It is important, then, to develop packaging materials that will enable a consumer to “see” the product yet block the most damaging wavelengths to milk or bever-age quality.
Enlightened Packaging
Milk is commonly packaged in either high density polyethylene (HDPE) or polyethylene terephthalate (PET). HDPE is a translucent polymer that transmits up to 62 percent of light wavelengths between 300-700 nm. Polyethylene terephthalate (PET), a packaging material utilized for single-serve milk products, is a clear polymer that transmits up to 75-85 percent of visible light. PET with an ultraviolet light barrier does help reduce light oxidation in milk but is not as effective as an opaque container or an amber PET bottle, based on evidence from the Duncan research laboratory.

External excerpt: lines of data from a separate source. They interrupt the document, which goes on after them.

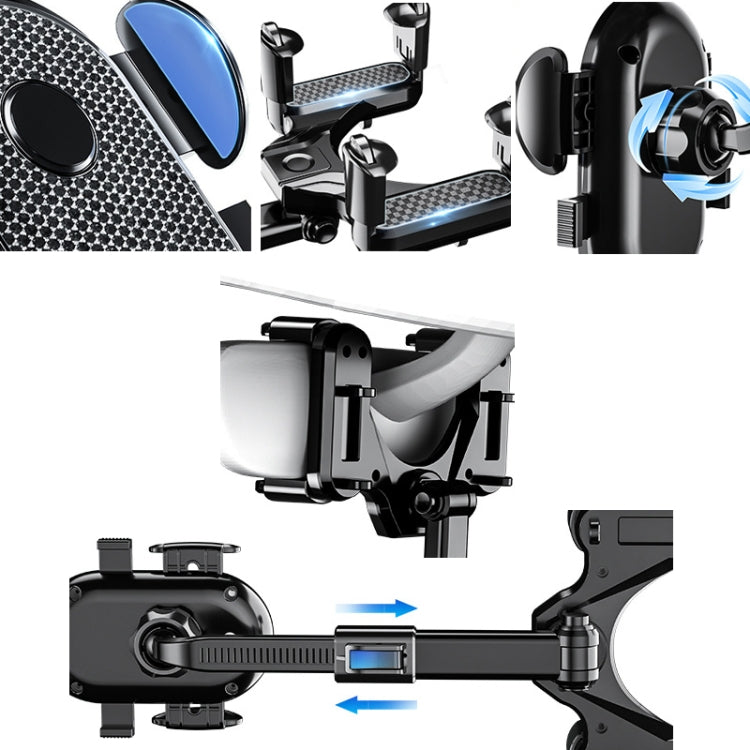 Car Rearview Mirror Mobile Phone Holder Multifunctional AR Navigation Support Bracket(Extending Rod)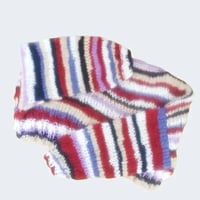 Image 3 of Women hanknit oversize sweater (striped, wine  red, recycled mohair)
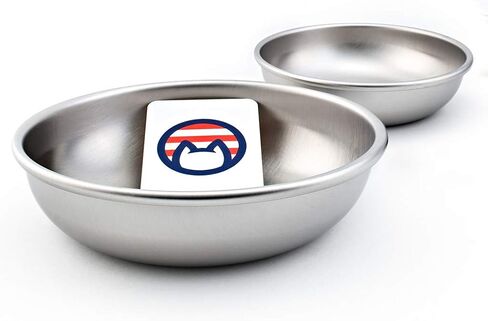 Stainless Steel Cat Bowls for Food & Water by Americat – Made in USA – Dishwasher Safe, Human Grade, Whisker Friendly Dishes (2 Bowls) in Saudi Arabia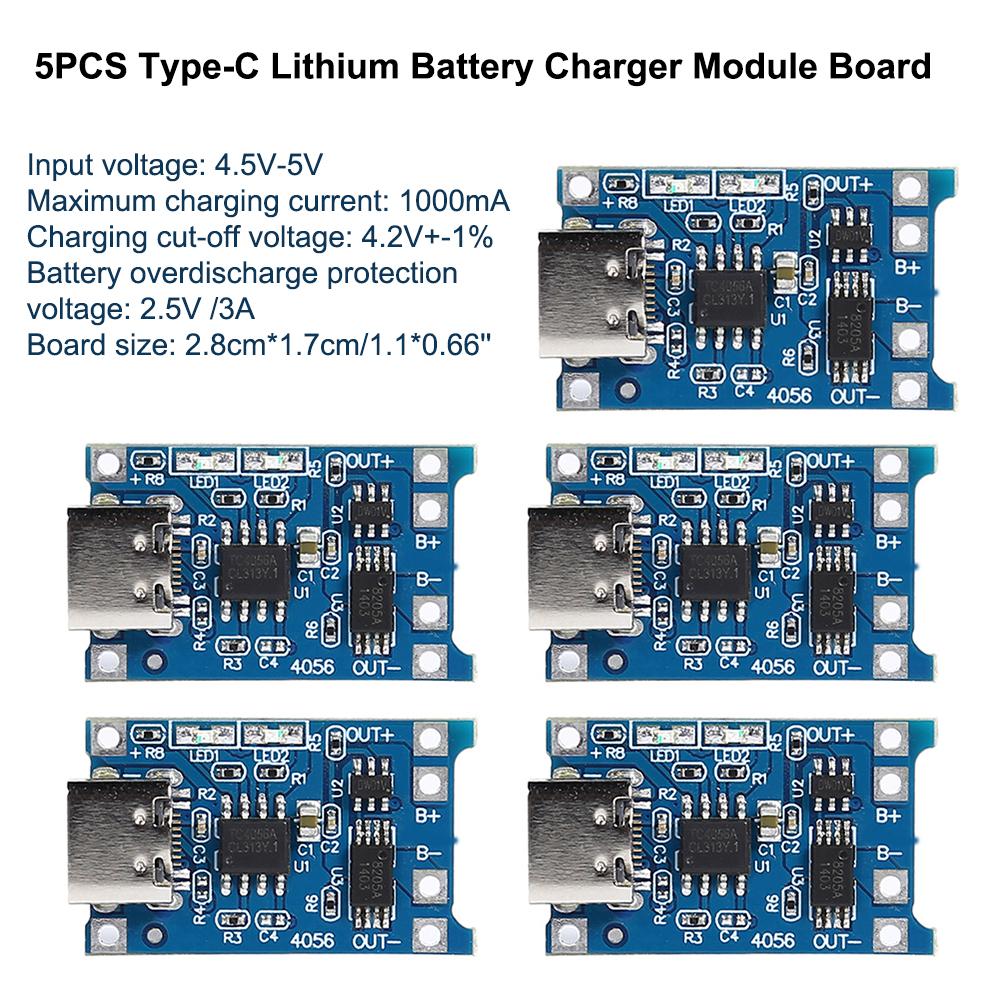 

5/10PCS Type-C/Micro USB 5V 1A 18650 Lithium Battery Charger Module Charging Board with Protection Dual Functions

The Virginia Tech researchers have tested a number of new materials (not developed at Virginia Tech) that are not being used for food packaging. New polymer materials, with unique optical properties, such as iridescent and pearlescent films that have a shimmer or shine, have recently come on the market. These materials may have a protective effect when used as package over-wraps; satisfying the demand for a “see through” appearance while protecting against sensory deterioration by photo-oxidation.
Iridescent films block wavelengths through light interference rather than the use of dyes and pigments. They are translucent and can be engineered to block specific light wavelengths, including those that are most damaging to milk quality. They can be laminated to complex shaped containers and could easily be used as film over-wraps for single-serve milk containers. They also provide an upscale look that appeals to consumers and could potentially increase market share: In an independent survey, >50 percent of respondents said that iridescent film packaging made the product more distinctive and unique than existing packaging.

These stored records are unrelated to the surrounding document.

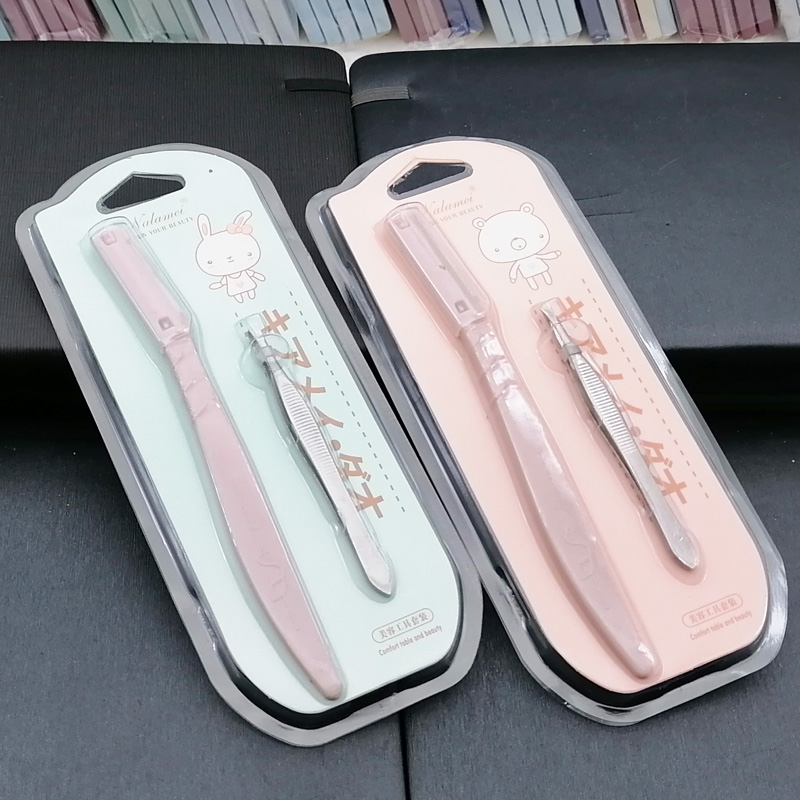 H1636 Eyebrow Trimmer + Eyebrow pliers Beginner's safe eyebrow scraper, Makeup artist's special eyebrow shaving tool Item Picture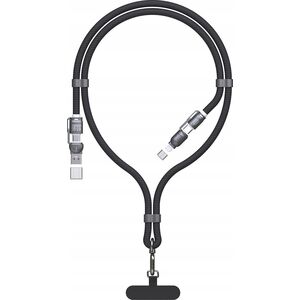 Kabel 4w1 / smycz Dudao L20MAX USB-A / USB-C / Lightning PD QC 65W 1.5m - czarny
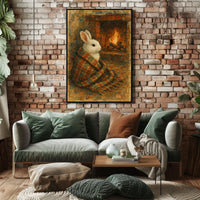 Cozy Rabbit By The Fireplace Poster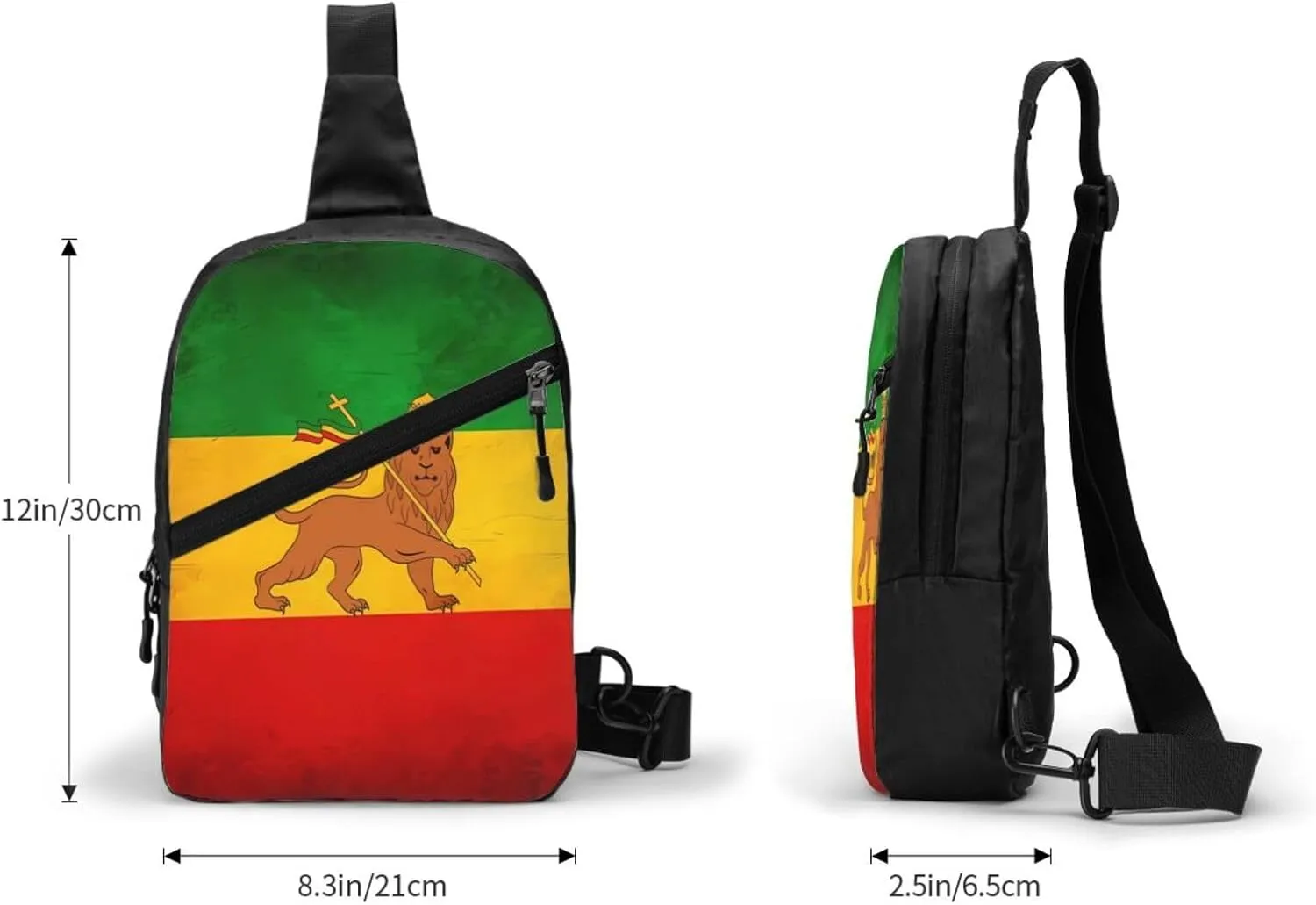 Vintage Old Ethiopia Flag Lion Of Judah Portable Crossbody Bag Foldable Sling Bags Sports Gym Chest Daypack Reusable Shoulder Backpack Casual Diagonally Rucksack Fanny Packs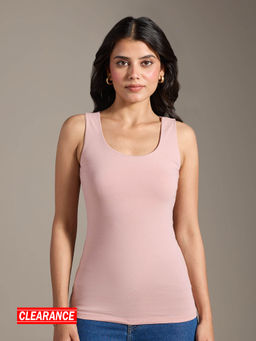 Twenty Dresses by Nykaa Fashion - Basics Blush Pink Solid Scoop Neck Sleeveless Fitted T-Shirt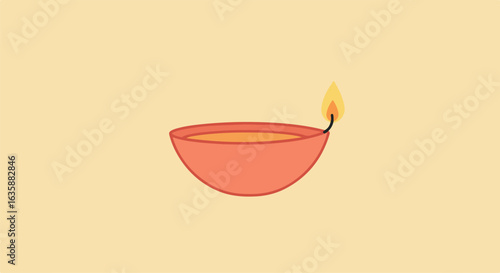 Lit oil lamp burning brightly against a beige background, celebrating prosperity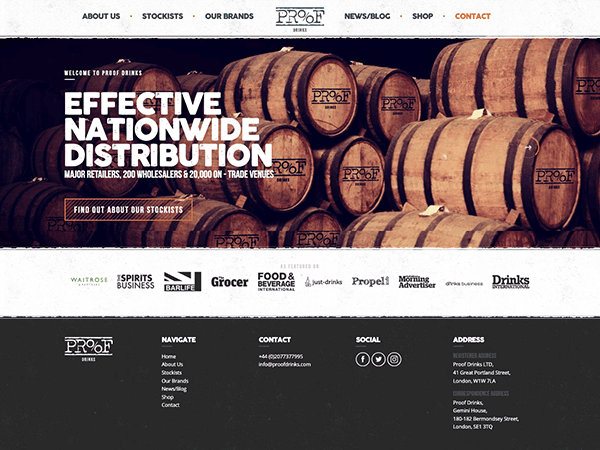 A website design for a bourbon company.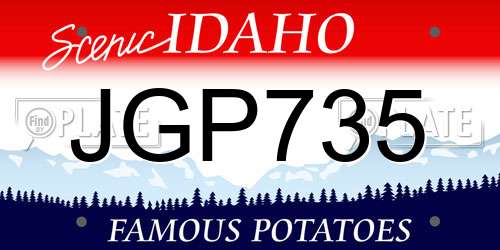 JGP735 Idaho License Plate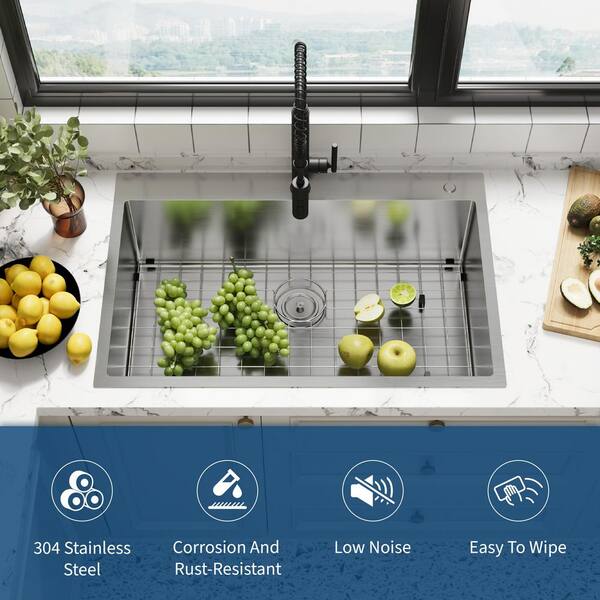 22 in. Undermount Single Bowl 16 Gauge Stainless Steel Kitchen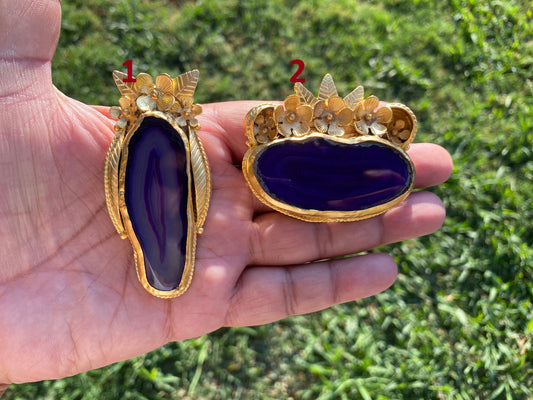 Large Colorful Slice Agate Pendant, 18K Brushed Gold Overlay, Flower Design Pendant For Necklace, Healing Crystal Jewelry, Druzy Agate Slice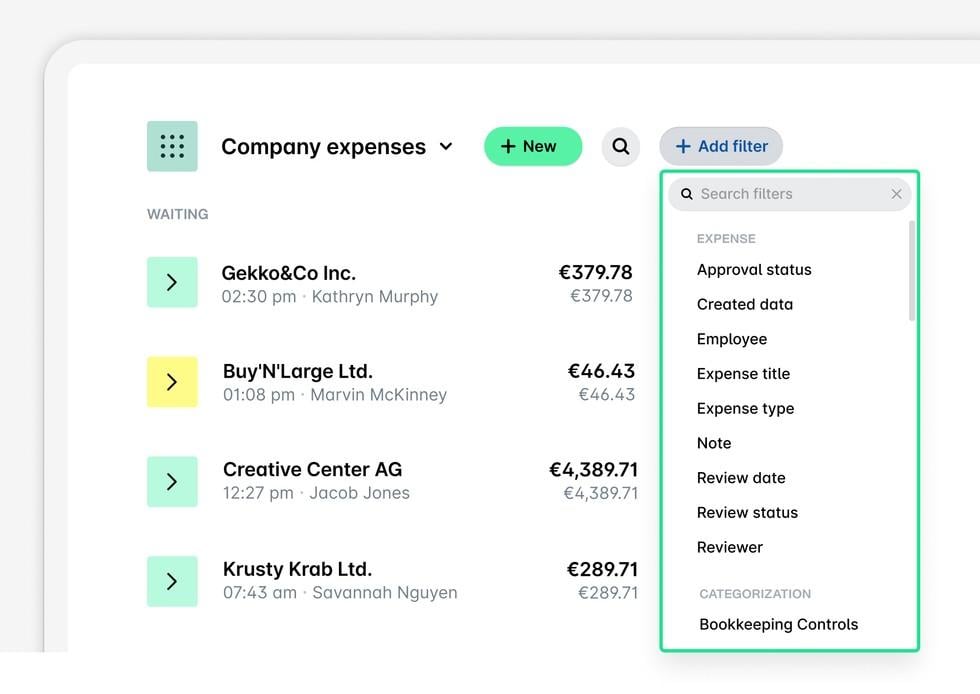 A company expense breakdown in Payhawk.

Graduate students tested these films for possible benefit in protecting milk flavor and we found evidence of improvement, but still not as good as opaque. It is important, then, to develop packaging materials that will enable a consumer to “see” the product yet block the most damaging wavelengths to milk and beverage quality. Material scientists working with food scientists can develop better materials for protecting foods from light damage and providing the desired product visibility.
Susan Duncan, Ph.D., R.D., is professor of food science and technology and director of the Macromolecular Interfaces with Life Sciences program at Virginia Tech. She co-authored this paper with Janet B. Webster, Ph.D. and Susan Trulove, also at Virginia Tech.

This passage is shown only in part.